Can you transcribe the data exactly? Leave the pictures out.

*Data section:*
# # #

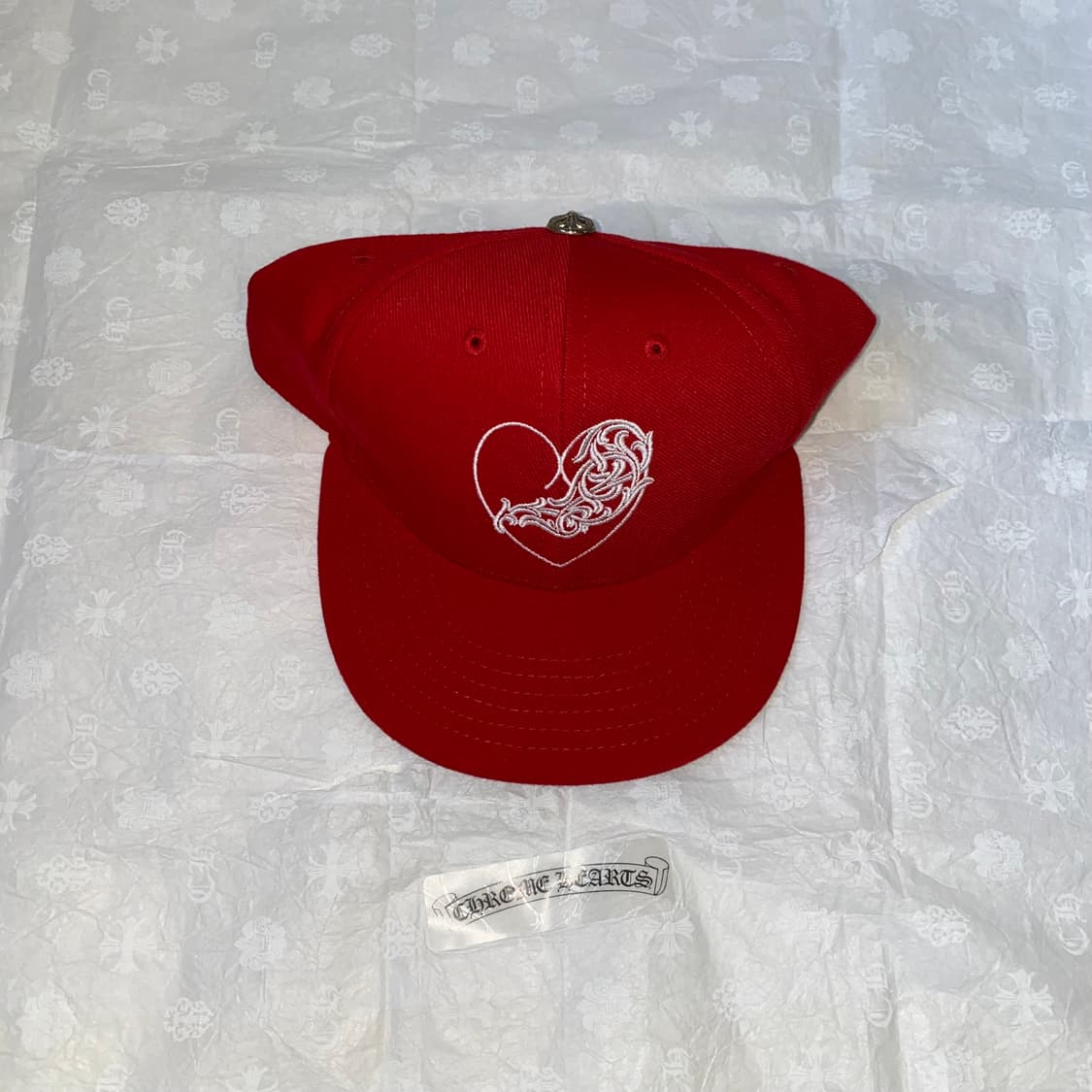 [7 3/4 61.5CM] 크롬하츠 하트 로고 자수 볼캡 레드 상품이미지1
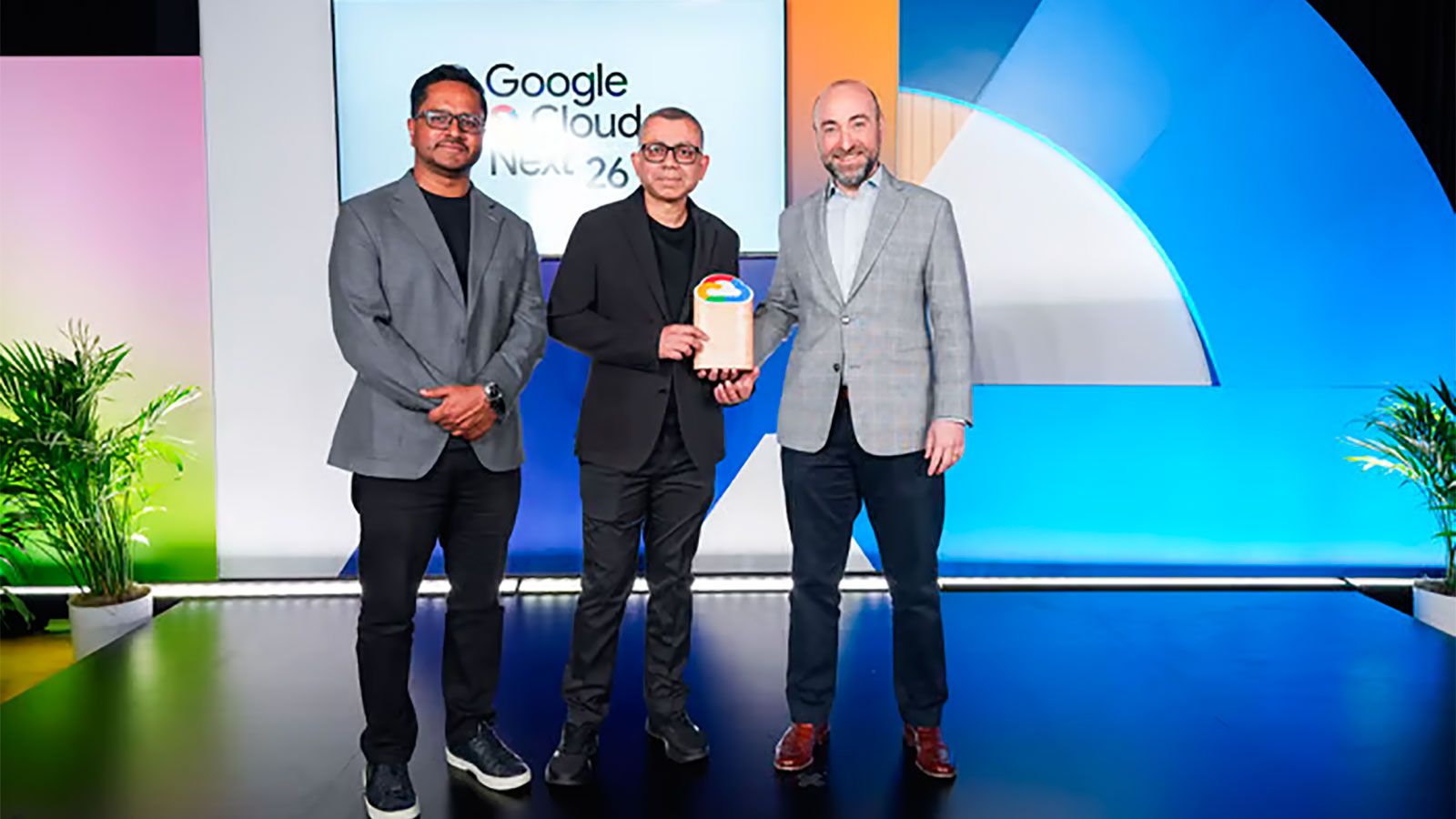El galardón recibido por Ericsson de manos de Google / Imagen de prensa de Ericsson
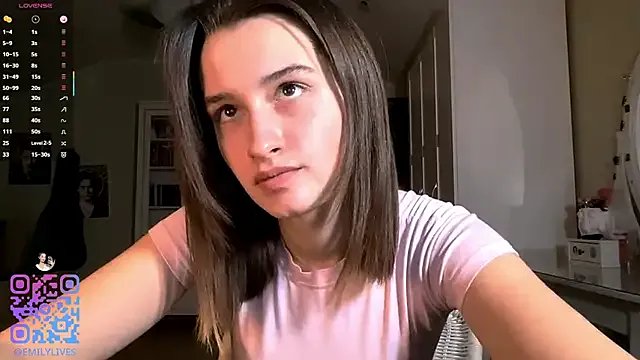 DarlineBrustera on StripChat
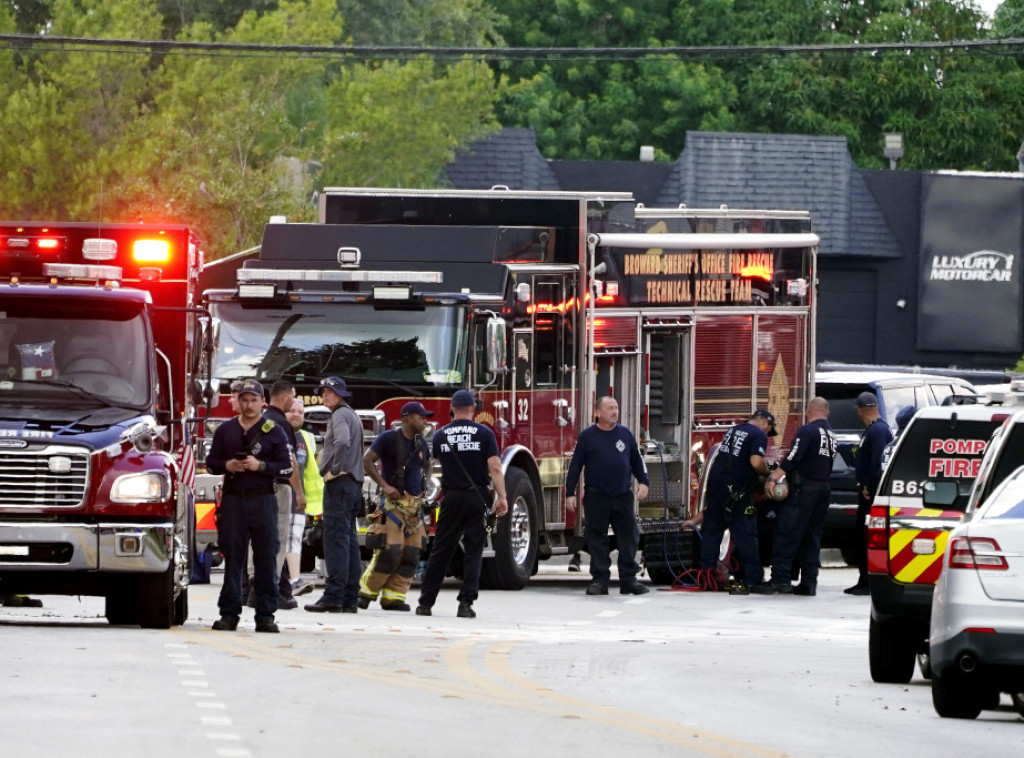 Florida: Dve osobe su poginule, a četiri povređene u padu helikoptera na zgradu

# # #

*Response area:*
 [7 3/4 61.5CM] 크롬하츠 하트 로고 자수 볼캡 레드 상품이미지1
El galardón recibido por Ericsson de manos de Google / Imagen de prensa de Ericsson
 DarlineBrustera on StripChat
 Florida: Dve osobe su poginule, a četiri povređene u padu helikoptera na zgradu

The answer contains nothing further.